Advantages of CcMmYK over CMYK 

The most noticeable result of using light cyan and light magenta inks is the removal of a distinct and harsh halftone or dither dot appearance that appears in prints that use light shades of cyan or magenta on the pure CMYK ink configuration. Usually when printing a dark color the printer will saturate the area with colored ink dots, but will use fewer ink dots to create the effect of a light color. The result is hard to notice with yellow because yellow is perceived as a very light color. However, the individual cyan and magenta ink dots will stand out in a sparse pattern due to their darker color against a white background; the result is undesirable when it is noticed.
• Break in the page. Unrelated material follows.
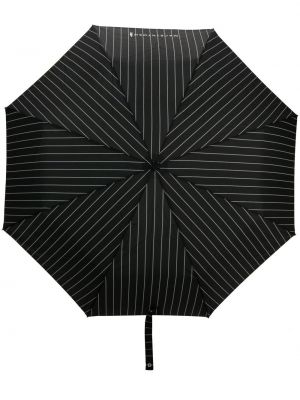 Ριγέ ομπρέλα με σχέδιο Mackintosh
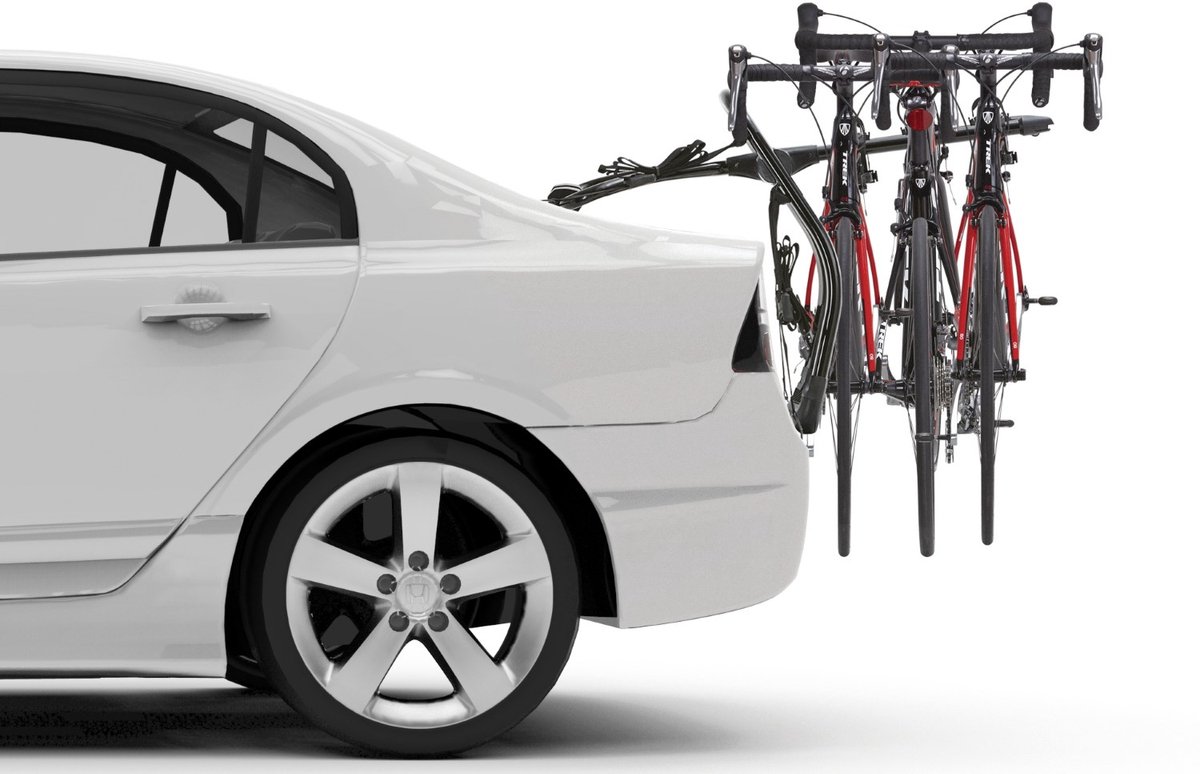 Fietsendrager voor achterklep geschikt voor Range Rover III (L322) 2002-2012 Yakima FullBack 3 – foto 3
By using light cyan or magenta, the printer can saturate areas that would typically use halftoning with these inks to remove the look of sparse magenta and cyan dots. The downside is the printer needs approximately twice as much light cyan and magenta ink in areas to achieve the same saturation as pure cyan/magenta which can lead to excess ink usage. The result, however, is significantly better for some photos.

CcMmYK colorants reduce graininess in the middle tone region.  This reduced graininess typically improves the photographic appearance of blue skies and some flesh tones.